#### EXERCISE BRIEF:
Nothing but the lines below between the line holding "Comfy Near The" and the line holding "photo de SAC", inclusive, should appear in the answer, each set down exactly.

━━━━

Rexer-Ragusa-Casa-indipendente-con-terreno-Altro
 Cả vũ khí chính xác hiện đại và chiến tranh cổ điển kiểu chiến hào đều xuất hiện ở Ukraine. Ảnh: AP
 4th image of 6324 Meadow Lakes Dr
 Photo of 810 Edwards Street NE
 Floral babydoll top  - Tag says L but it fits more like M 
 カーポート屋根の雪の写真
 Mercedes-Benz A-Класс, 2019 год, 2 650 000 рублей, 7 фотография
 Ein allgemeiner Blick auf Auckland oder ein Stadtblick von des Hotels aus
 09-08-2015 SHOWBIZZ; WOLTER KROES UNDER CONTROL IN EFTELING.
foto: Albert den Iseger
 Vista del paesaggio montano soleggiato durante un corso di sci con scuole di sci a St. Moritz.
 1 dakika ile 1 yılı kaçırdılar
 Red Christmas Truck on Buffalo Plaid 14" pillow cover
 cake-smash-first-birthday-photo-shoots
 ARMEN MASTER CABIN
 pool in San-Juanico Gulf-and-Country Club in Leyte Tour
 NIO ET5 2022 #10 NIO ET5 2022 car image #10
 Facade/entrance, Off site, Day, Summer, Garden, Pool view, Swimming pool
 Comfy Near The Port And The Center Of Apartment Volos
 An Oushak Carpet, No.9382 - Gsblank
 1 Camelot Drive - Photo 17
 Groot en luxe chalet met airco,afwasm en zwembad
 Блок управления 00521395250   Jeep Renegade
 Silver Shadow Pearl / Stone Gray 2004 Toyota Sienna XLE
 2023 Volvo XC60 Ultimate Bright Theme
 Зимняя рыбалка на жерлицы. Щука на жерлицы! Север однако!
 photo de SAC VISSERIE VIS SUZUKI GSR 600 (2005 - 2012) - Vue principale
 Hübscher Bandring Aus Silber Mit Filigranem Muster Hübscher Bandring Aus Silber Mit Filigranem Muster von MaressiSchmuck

━━━━

#### FINISHED TASK:
 Comfy Near The Port And The Center Of Apartment Volos
 An Oushak Carpet, No.9382 - Gsblank
 1 Camelot Drive - Photo 17
 Groot en luxe chalet met airco,afwasm en zwembad
 Блок управления 00521395250   Jeep Renegade
 Silver Shadow Pearl / Stone Gray 2004 Toyota Sienna XLE
 2023 Volvo XC60 Ultimate Bright Theme
 Зимняя рыбалка на жерлицы. Щука на жерлицы! Север однако!
 photo de SAC VISSERIE VIS SUZUKI GSR 600 (2005 - 2012) - Vue principale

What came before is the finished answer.